Material provided |
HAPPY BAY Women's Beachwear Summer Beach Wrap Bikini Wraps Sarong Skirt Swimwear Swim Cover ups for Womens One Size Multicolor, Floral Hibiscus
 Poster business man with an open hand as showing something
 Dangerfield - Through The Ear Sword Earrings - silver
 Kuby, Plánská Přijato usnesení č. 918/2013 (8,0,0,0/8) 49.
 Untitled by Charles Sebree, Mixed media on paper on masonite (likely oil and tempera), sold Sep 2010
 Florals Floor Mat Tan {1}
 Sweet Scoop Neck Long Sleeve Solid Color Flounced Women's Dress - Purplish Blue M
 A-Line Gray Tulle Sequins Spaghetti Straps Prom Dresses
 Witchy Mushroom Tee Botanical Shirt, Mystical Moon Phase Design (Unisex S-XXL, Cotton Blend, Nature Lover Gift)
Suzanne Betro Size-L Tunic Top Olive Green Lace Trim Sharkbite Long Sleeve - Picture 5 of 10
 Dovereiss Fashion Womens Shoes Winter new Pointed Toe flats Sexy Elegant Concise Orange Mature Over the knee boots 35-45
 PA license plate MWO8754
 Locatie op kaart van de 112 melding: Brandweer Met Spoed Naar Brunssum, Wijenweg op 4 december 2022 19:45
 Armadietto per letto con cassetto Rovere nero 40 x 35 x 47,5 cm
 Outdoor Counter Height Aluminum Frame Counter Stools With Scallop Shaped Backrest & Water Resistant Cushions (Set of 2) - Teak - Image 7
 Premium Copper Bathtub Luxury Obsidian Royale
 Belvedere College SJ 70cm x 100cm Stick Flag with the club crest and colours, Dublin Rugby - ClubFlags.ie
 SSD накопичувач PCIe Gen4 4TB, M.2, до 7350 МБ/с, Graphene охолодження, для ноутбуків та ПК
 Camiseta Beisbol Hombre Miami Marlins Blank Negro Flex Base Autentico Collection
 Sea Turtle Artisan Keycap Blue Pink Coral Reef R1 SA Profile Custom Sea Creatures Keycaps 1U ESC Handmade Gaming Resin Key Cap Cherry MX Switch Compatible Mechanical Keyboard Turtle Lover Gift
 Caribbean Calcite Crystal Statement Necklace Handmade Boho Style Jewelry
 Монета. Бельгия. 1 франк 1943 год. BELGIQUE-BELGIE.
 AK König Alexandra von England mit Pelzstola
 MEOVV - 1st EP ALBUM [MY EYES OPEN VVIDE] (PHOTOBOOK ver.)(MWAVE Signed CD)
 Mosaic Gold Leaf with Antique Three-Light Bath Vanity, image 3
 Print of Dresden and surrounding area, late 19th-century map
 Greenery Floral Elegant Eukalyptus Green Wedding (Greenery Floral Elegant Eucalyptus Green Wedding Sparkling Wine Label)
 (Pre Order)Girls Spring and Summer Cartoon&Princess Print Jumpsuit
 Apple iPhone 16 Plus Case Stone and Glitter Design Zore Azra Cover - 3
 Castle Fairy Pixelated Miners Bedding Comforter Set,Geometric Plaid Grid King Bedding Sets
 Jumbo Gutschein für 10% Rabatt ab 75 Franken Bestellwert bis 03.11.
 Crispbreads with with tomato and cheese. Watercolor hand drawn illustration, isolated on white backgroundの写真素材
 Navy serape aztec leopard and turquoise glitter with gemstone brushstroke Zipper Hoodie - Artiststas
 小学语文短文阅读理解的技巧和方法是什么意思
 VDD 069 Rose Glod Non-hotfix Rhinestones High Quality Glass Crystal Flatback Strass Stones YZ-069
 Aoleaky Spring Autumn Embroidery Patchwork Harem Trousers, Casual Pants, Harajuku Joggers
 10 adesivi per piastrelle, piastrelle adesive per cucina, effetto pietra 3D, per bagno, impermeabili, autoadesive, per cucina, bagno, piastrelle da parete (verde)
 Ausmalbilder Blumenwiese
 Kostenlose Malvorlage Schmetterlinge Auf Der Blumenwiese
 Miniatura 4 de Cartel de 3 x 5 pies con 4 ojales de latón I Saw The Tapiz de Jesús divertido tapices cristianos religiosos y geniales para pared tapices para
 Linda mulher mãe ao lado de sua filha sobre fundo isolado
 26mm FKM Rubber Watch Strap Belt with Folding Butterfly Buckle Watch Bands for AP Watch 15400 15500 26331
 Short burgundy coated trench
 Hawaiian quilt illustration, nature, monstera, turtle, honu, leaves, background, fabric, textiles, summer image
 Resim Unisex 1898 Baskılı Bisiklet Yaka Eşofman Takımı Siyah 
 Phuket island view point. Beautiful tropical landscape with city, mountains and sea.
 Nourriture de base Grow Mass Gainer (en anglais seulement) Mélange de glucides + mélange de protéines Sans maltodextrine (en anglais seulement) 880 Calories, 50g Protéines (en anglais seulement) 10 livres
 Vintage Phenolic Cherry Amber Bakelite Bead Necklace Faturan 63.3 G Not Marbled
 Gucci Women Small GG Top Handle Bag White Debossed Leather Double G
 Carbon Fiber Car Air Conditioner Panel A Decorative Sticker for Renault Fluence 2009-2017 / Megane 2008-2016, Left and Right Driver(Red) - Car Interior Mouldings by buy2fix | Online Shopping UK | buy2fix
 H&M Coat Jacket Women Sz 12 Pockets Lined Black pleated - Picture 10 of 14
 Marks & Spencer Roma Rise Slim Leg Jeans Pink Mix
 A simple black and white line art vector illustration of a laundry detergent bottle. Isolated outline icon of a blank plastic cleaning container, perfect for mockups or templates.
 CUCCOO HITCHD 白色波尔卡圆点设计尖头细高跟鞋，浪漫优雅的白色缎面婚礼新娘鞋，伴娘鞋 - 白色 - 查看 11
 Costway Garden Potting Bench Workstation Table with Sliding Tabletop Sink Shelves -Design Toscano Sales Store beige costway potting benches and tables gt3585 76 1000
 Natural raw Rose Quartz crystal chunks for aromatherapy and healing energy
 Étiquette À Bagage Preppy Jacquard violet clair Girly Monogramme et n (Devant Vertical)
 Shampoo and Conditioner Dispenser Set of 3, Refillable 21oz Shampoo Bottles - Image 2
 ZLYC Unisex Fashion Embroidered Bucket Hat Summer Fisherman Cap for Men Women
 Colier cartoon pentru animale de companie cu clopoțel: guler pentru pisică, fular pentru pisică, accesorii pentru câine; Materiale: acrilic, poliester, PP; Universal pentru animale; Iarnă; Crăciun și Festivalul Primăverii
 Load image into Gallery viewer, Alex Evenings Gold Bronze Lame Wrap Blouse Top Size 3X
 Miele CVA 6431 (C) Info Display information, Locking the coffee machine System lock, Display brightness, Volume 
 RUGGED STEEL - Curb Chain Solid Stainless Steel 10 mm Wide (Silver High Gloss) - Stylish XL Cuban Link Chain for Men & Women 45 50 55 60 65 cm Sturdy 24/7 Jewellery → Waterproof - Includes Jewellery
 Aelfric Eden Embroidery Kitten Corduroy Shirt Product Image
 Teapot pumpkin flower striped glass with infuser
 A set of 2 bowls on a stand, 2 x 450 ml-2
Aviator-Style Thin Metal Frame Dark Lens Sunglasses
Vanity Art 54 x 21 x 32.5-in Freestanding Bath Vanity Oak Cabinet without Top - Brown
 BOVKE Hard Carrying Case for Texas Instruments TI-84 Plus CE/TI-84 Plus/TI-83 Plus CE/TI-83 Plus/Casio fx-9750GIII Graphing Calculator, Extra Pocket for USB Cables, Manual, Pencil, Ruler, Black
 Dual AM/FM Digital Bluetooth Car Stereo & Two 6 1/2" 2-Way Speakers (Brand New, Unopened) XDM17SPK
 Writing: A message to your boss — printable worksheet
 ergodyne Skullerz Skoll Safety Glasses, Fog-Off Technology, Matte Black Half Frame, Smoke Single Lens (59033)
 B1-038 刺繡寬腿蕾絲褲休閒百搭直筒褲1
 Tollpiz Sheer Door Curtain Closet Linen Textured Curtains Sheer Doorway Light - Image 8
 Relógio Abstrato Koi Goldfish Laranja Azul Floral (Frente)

Exercise description | Once the line containing "Tollpiz Sheer Door" is found, print it and every line after it through the end of the listing, exactly and alone.

Output |
 Tollpiz Sheer Door Curtain Closet Linen Textured Curtains Sheer Doorway Light - Image 8
 Relógio Abstrato Koi Goldfish Laranja Azul Floral (Frente)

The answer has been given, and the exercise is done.